The raised, "irreplaceable" text reads:
"In response to the promise of liberty, justice and freedom of religion, we left our native lands which we loved so dearly and, coming from the farthest corners of the world, we arrived in America. We fished in her waters, farmed her fields, worked in her factories, sold her products and realized that here in this beautiful land we had fulfilled our hopes and dreams for ourselves and our children. Now united as one people, we work toward our goal of living as equal Americans.
"God bless America and the good people who made her strong."
"The words are touching. It's meaningful," Woods said.
Yet any history of the plaque, with its unusual language, is unknown. Authored anonymously, there isn't even a foundry mark.
"Where did Mr. Allen get the plaque that was stored in his garage? Nobody knows. I guess he took that information to the grave with him," Woods said. "To me this is a relic that was completely lost, and I wish I knew more about it but I don't."

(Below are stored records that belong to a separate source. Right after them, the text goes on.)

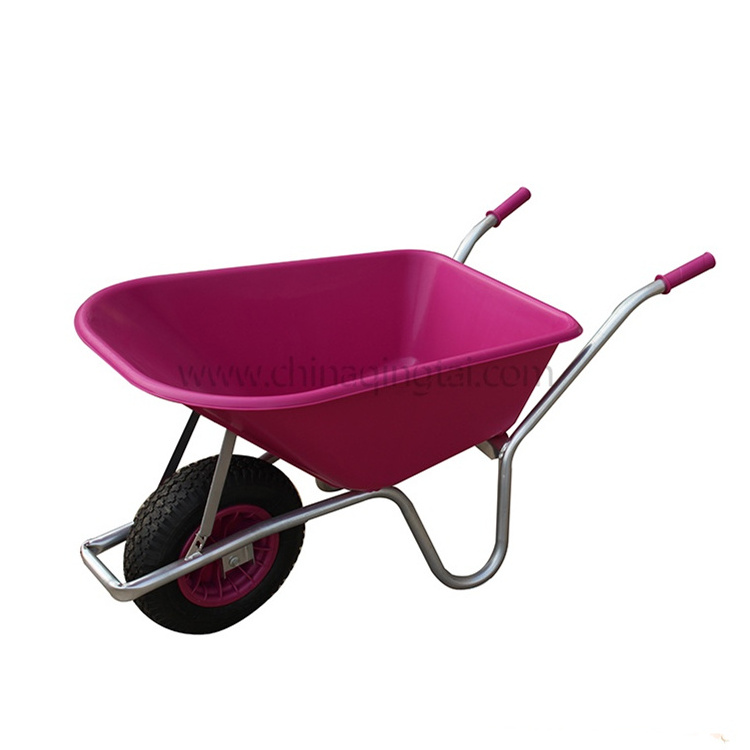 Good quality strong commercial wheelbarrow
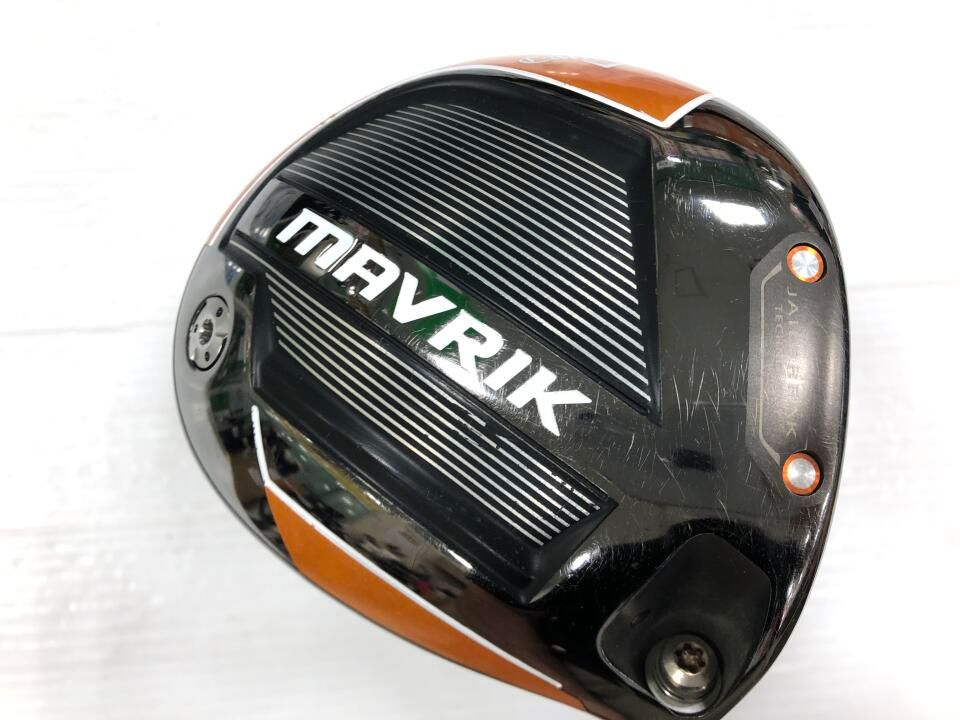 キャロウェイ MAVRIK ドライバー 10.5度 キャロウェイ MAVRIK 10.5度 ツアーAD EV-5 ドライバー ゴルフドゥ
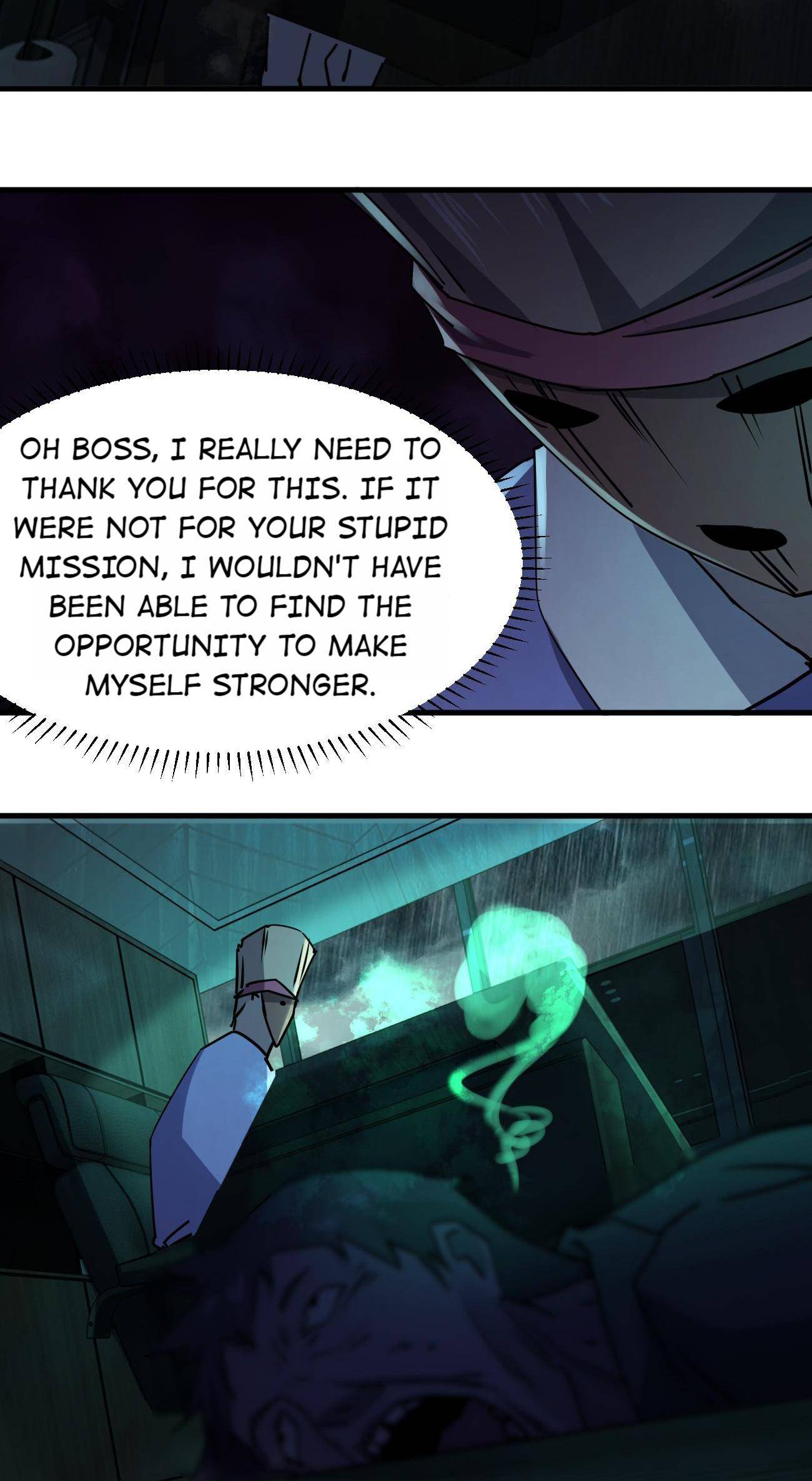 Don’t Get Me Wrong, I’m The Real Victim! Chapter 49 - page 19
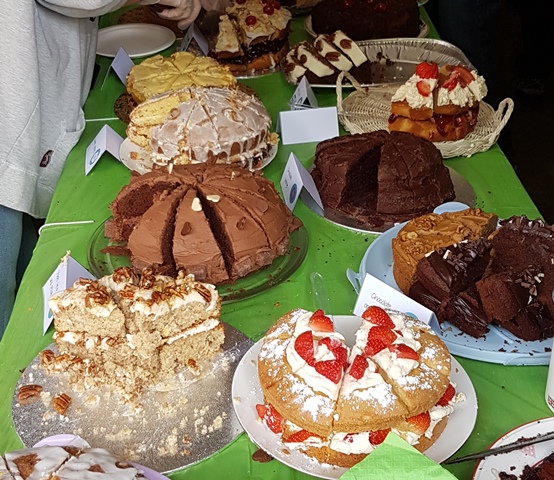 cakes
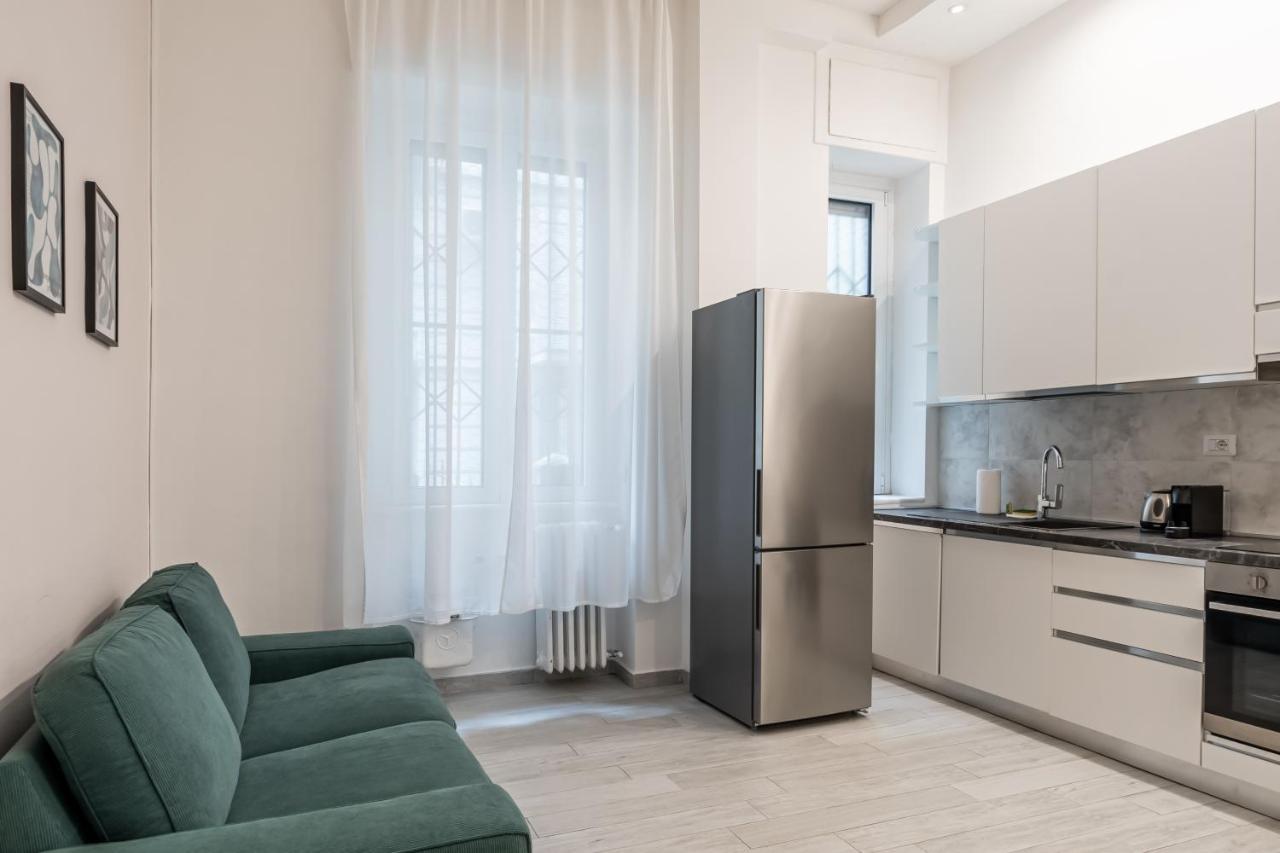 Relstay - Porta Romana - 1Br Milano Exteriör bild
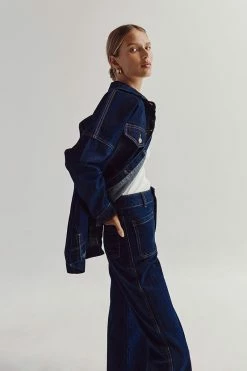 DISSH PERI INDIGO SHACKET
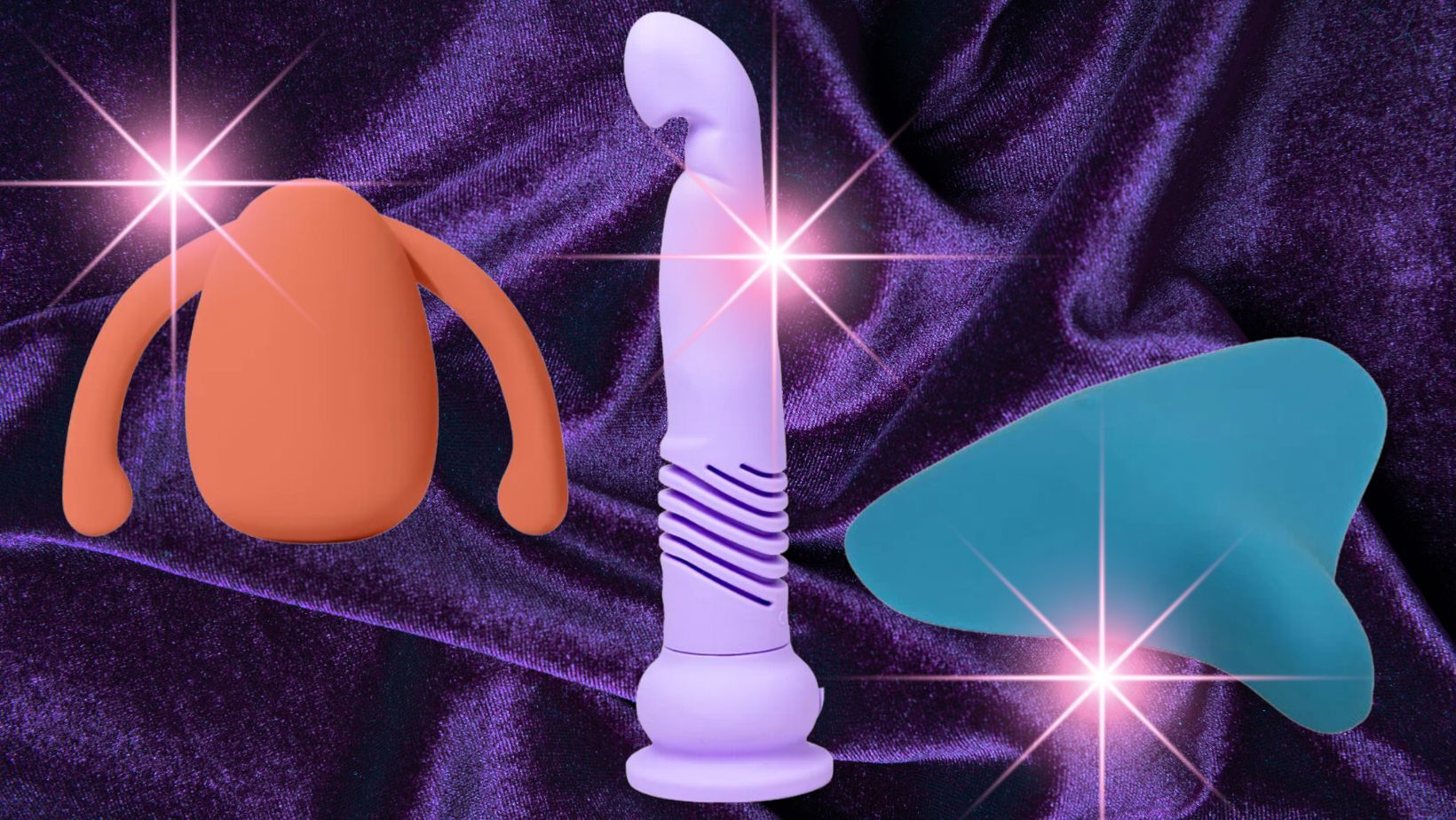 11 Best Hands Free Sex Toys And Vibrators HuffPost Life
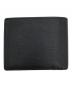 PORTER (ポーター) CURRENT  WALLET ブラック：13000円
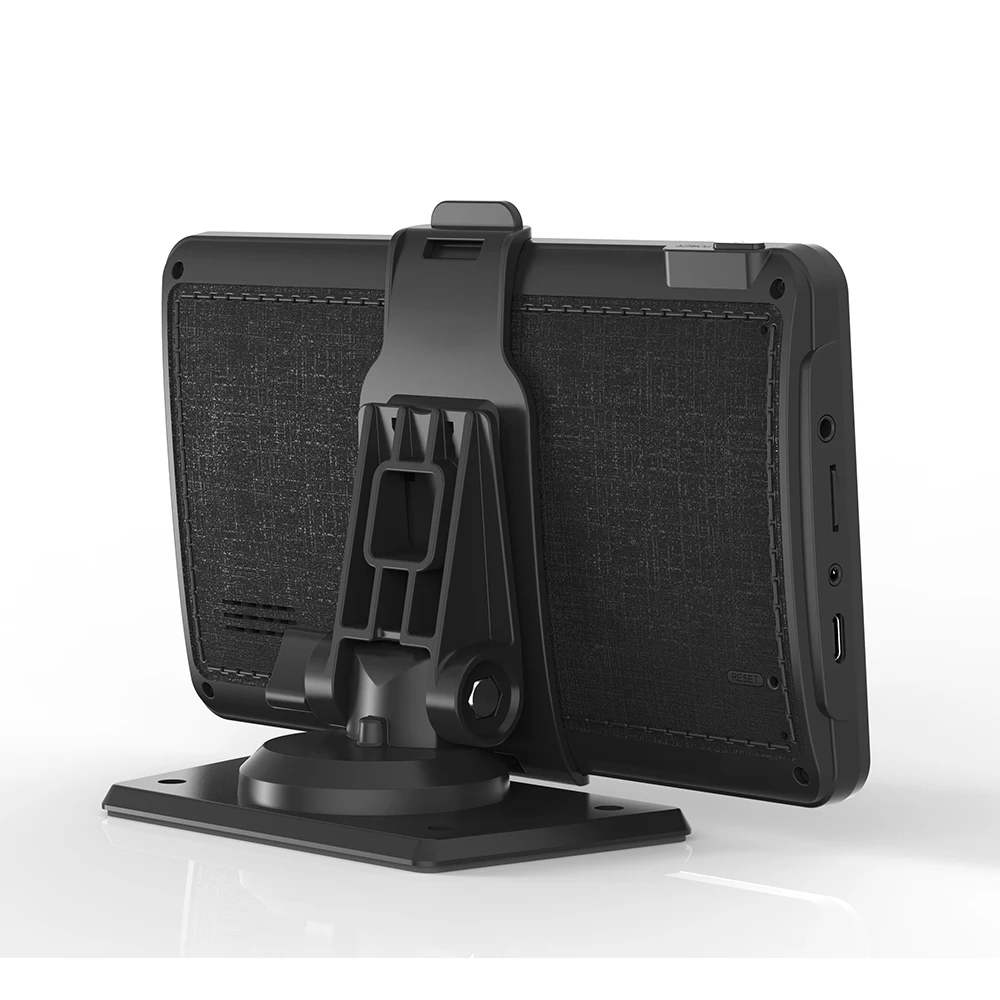 Podofo Universal 7'' Car Radio Multimedia Video Player Wireless Carplay And Wireless Android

Originally, the Legionnaires planned to hang the plaque, but, upon finding it - all 850 pounds of it, they decided to build a special monument instead. The brick masonry was donated, and because of the weight of the plaque, two steel beams were dug a yard down, set in concrete and affixed to the monument.
Post 147 member and then-Oklahoma Rep. Larry Glenn encouraged the post to have a dedication ceremony and paid to cater it in 2014. Woods said over 200 people attended.
"Once people know about it, they pull in there with the intention of not getting out of the car. Then after they read it, you'll normally see the husband get out with his camera: He has to get a picture," Woods said. "It's very well received."
The post hopes it proves a small tourist attraction, as it is located only three miles off historic Route 66. In this vein, the post also plans to open a free museum with artifacts from World War I through the present. World War II veteran and Post 147 member Glenn Pitts pushed for a museum.
"Our goal is that people come down look at the plaque, then come inside and take a walk through the military museum," Woods said.
Woods said he anticipates the museum will open by Memorial Day 2015.